Beyond PID Controllers: PPO with Neuralized PID Policy for Proton Beam Intensity Control in Mu2e
Chenwei Xu, Jerry Yao-Chieh Hu, Aakaash Narayanan, Mattson Thieme, Vladimir Nagaslaev, Mark Austin, Jeremy Arnold, Jose Berlioz, Pierrick Hanlet, Aisha Ibrahim, Dennis Nicklaus, Jovan Mitrevski, Jason Michael St. John, Gauri Pradhan, Andrea Saewert, Kiyomi Seiya, Brian Schupbach, Randy Thurman-Keup, Nhan Tran, Rui Shi, Seda Ogrenci, Alexis Maya-Isabelle Shuping, Kyle Hazelwood, Han Liu
TL;DR
This work tackles the challenge of achieving uniform proton spill intensity for Mu2e by modeling the accelerator as a Markov Decision Process and applying Proximal Policy Optimization (PPO) to a policy that combines a neuralized PID bias with learnable actions. The approach uses an EMA-based reward and a differentiable Mu2e simulator to train a controller whose action at time t is the sum of a PID term and a learned correction, $a_t = \pi(s_t) = \pi^{\text{PID}}(o_t) + \pi^{\text{action}}(a_{t-1})$, enabling real-time spill regulation. Empirical results show a 13.6% improvement in Spill Duty Factor (SDF) over unregulated spills and a 1.6% improvement over a PID baseline across multiple random seeds, indicating that integrating model-based inductive bias with RL can enhance accelerator control.

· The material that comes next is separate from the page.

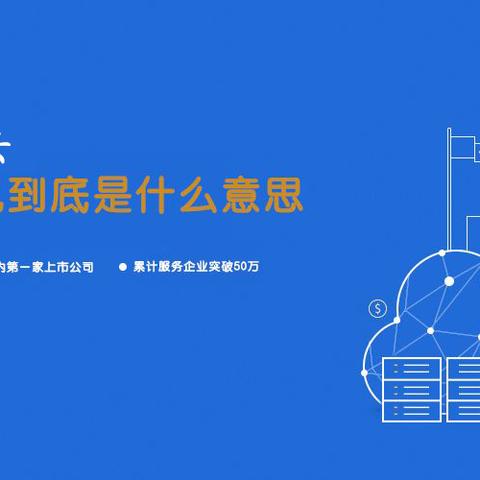为何选择主机屋云服务器，速度、稳定与信赖的完美结合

The findings advance automated, real-time proton beam intensity control for Mu2e, with practical implications for achieving stable beam delivery and reducing background in precision physics experiments.
Abstract
We introduce a novel Proximal Policy Optimization (PPO) algorithm aimed at addressing the challenge of maintaining a uniform proton beam intensity delivery in the Muon to Electron Conversion Experiment (Mu2e) at Fermi National Accelerator Laboratory (Fermilab). Our primary objective is to regulate the spill process to ensure a consistent intensity profile, with the ultimate goal of creating an automated controller capable of providing real-time feedback and calibration of the Spill Regulation System (SRS) parameters on a millisecond timescale. We treat the Mu2e accelerator system as a Markov Decision Process suitable for Reinforcement Learning (RL), utilizing PPO to reduce bias and enhance training stability. A key innovation in our approach is the integration of a neuralized Proportional-Integral-Derivative (PID) controller into the policy function, resulting in a significant improvement in the Spill Duty Factor (SDF) by 13.6%, surpassing the performance of the current PID controller baseline by an additional 1.6%. This paper presents the preliminary offline results based on a differentiable simulator of the Mu2e accelerator. It paves the groundwork for real-time implementations and applications, representing a crucial step towards automated proton beam intensity control for the Mu2e experiment.